**** EXERCISE DATA ****

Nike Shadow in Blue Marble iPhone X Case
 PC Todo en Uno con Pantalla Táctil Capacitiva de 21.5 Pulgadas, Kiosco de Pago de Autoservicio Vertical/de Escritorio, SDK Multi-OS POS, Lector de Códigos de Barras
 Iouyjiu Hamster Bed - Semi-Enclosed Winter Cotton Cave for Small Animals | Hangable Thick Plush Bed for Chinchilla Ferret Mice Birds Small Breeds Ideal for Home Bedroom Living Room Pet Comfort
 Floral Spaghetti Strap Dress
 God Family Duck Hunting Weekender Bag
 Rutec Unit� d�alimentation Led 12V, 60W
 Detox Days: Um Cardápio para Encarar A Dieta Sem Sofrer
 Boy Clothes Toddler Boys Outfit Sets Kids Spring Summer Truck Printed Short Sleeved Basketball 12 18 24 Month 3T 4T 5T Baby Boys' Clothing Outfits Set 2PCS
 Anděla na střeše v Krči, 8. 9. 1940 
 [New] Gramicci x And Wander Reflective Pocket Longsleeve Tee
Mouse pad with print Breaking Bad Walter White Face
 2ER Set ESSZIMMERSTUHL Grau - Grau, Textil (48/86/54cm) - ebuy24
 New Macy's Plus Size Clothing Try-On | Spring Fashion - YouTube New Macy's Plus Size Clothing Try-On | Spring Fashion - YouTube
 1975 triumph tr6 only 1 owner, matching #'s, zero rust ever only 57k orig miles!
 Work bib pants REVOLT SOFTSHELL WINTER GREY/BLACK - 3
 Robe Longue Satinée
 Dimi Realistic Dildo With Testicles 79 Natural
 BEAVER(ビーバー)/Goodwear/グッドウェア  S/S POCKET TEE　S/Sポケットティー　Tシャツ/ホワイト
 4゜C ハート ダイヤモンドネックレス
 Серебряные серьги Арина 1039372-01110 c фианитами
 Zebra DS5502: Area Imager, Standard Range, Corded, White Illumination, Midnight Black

****

- **EXERCISE BRIEF**
Which lines run from the one holding "Iouyjiu Hamster Bed" through the one holding "1975 triumph tr6" in the records above? Repeat them exactly, both included, and nothing more.

- **THE COMPLETED TASK**
 Iouyjiu Hamster Bed - Semi-Enclosed Winter Cotton Cave for Small Animals | Hangable Thick Plush Bed for Chinchilla Ferret Mice Birds Small Breeds Ideal for Home Bedroom Living Room Pet Comfort
 Floral Spaghetti Strap Dress
 God Family Duck Hunting Weekender Bag
 Rutec Unit� d�alimentation Led 12V, 60W
 Detox Days: Um Cardápio para Encarar A Dieta Sem Sofrer
 Boy Clothes Toddler Boys Outfit Sets Kids Spring Summer Truck Printed Short Sleeved Basketball 12 18 24 Month 3T 4T 5T Baby Boys' Clothing Outfits Set 2PCS
 Anděla na střeše v Krči, 8. 9. 1940 
 [New] Gramicci x And Wander Reflective Pocket Longsleeve Tee
Mouse pad with print Breaking Bad Walter White Face
 2ER Set ESSZIMMERSTUHL Grau - Grau, Textil (48/86/54cm) - ebuy24
 New Macy's Plus Size Clothing Try-On | Spring Fashion - YouTube New Macy's Plus Size Clothing Try-On | Spring Fashion - YouTube
 1975 triumph tr6 only 1 owner, matching #'s, zero rust ever only 57k orig miles!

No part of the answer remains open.